Data extract:
• • •

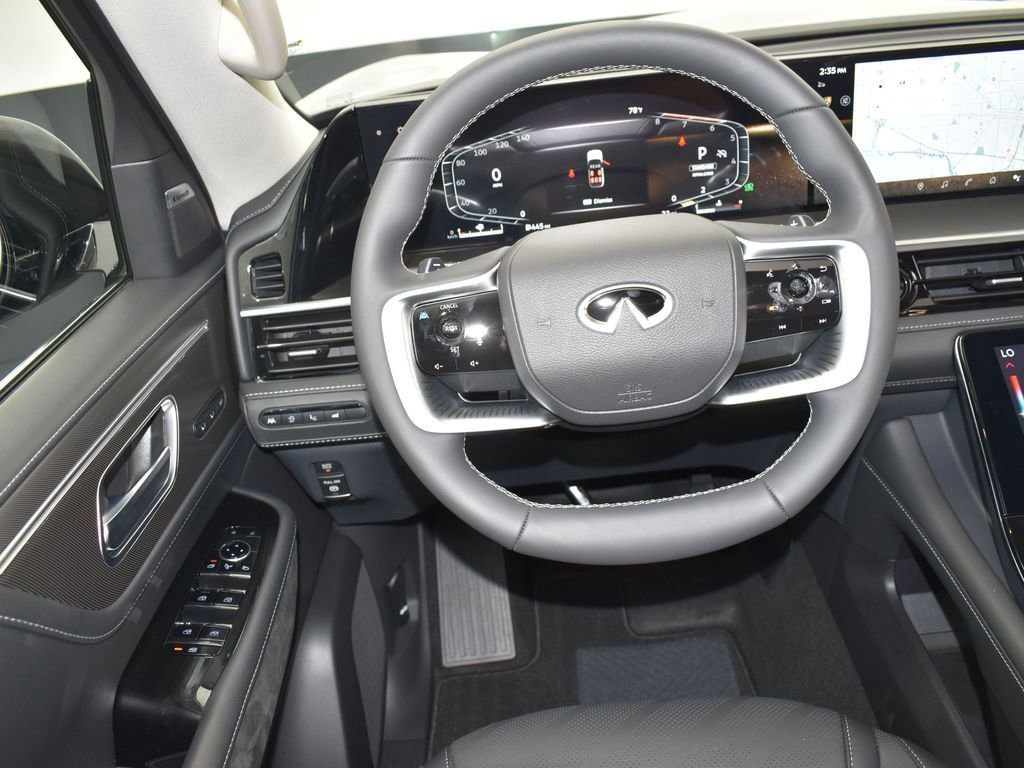 New 2026 INFINITI QX80 Luxe w/ Cargo Package RWD image 32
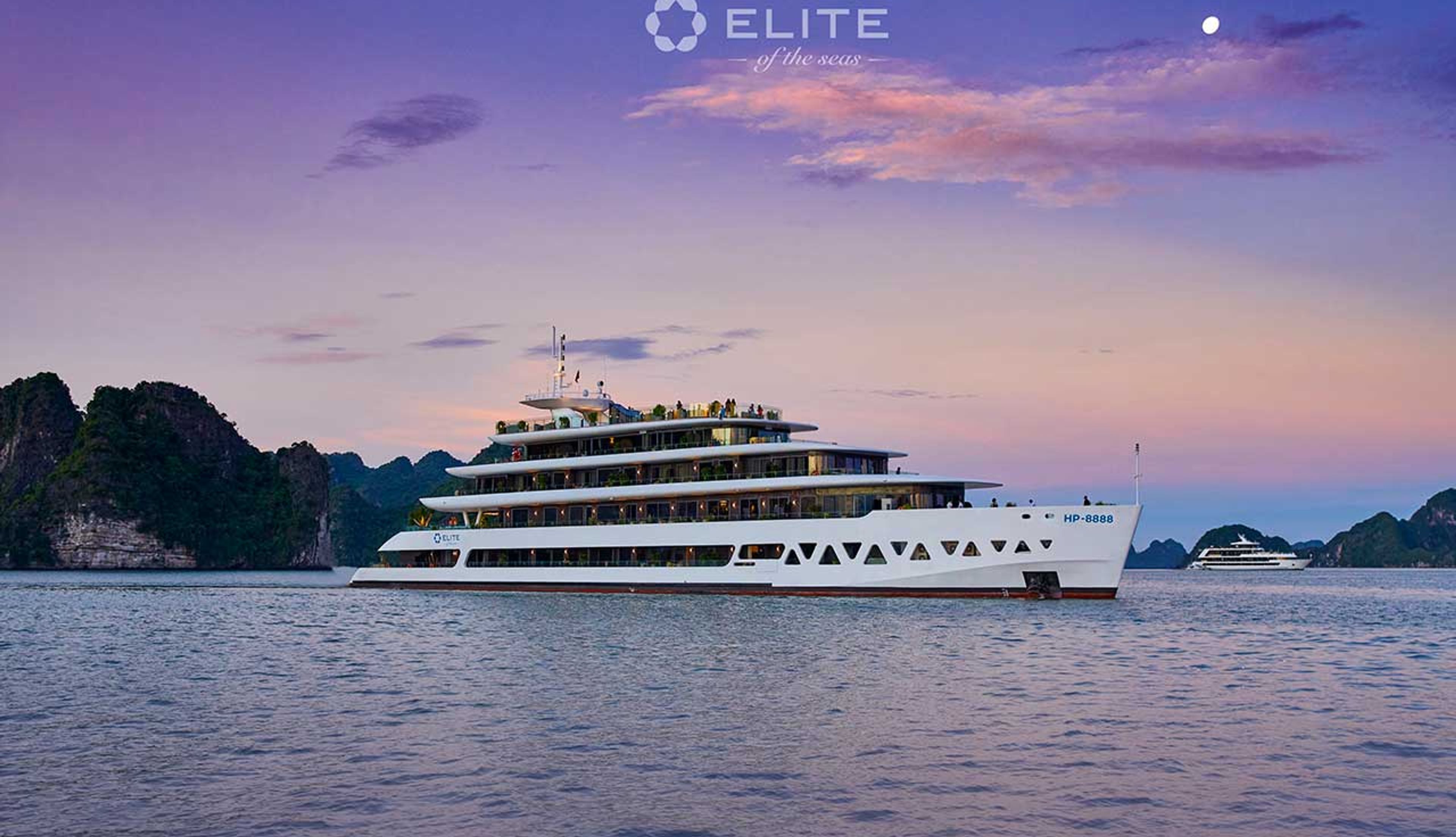 elite of the seas aclass cruises ha long bay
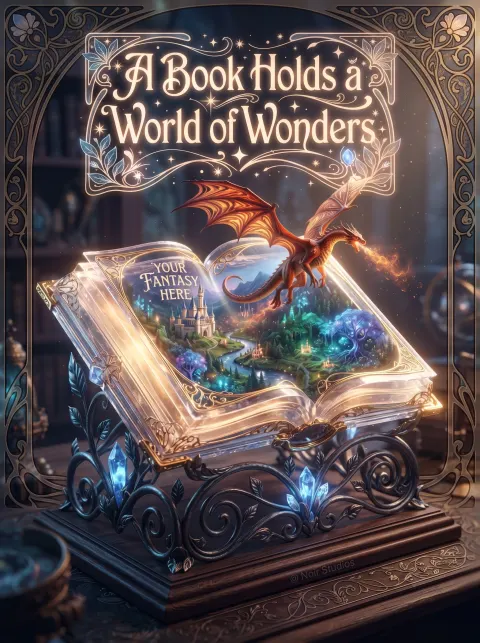 Magical Art Nouveau Tome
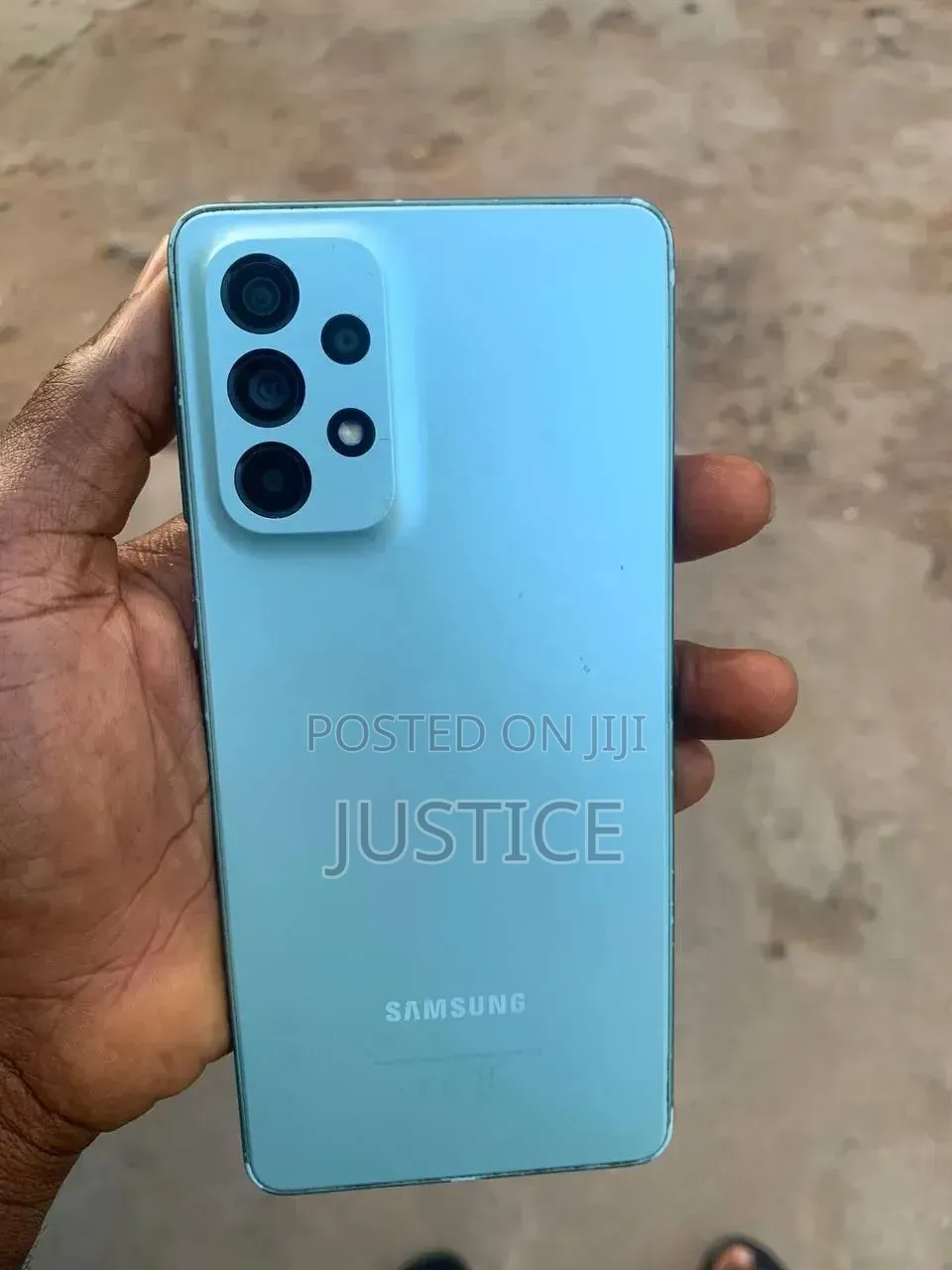Samsung Galaxy A73 5G 128 GB Blue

• • •

Task to carry out:
Your answer must be the full listing, word for word, minus any images.

Finished exercise:
 New 2026 INFINITI QX80 Luxe w/ Cargo Package RWD image 32
 elite of the seas aclass cruises ha long bay
 Magical Art Nouveau Tome
Samsung Galaxy A73 5G 128 GB Blue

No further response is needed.